The Mathematical Building Blocks of Neural Networks

Looking at a concrete example of a neural network that uses the Python library Keras to learn to classify handwritten digits. SOlving MNISt is like the "Hello World" of deep learning. The core building blocks of neural networks is the layer. You can think of a layer as a filter from data: some data goes in, and comes out in a more useful form. Layers extract representations out of the data fed into them. Most of deep learning consists of a chaining together simple layers that will implement a form of progressive data distillation. A deep learning model is like a sieve for data processing, made of a succession of increasing refined data filters - the layers. A softmax classification layer returns an array of probability scores that sum to one.
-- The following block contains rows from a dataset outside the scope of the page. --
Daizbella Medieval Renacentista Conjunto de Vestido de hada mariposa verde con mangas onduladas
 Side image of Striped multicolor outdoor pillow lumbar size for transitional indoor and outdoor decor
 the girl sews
As a part of the compilation step, the model needs an optimizer (the mechanism through which the model will update itself based on the training data it sees, to improve performance), a loss function (how the model will be able to measure its performance on the training data, and thus how it will be able to steer itself in the right direction), and metrics to monitor during training and testing (only care about the accuracy)

from tensorflow.keras.datasets import mnist 

(train_images, train_labels), (test_images, test_labels) = mnist.load_data()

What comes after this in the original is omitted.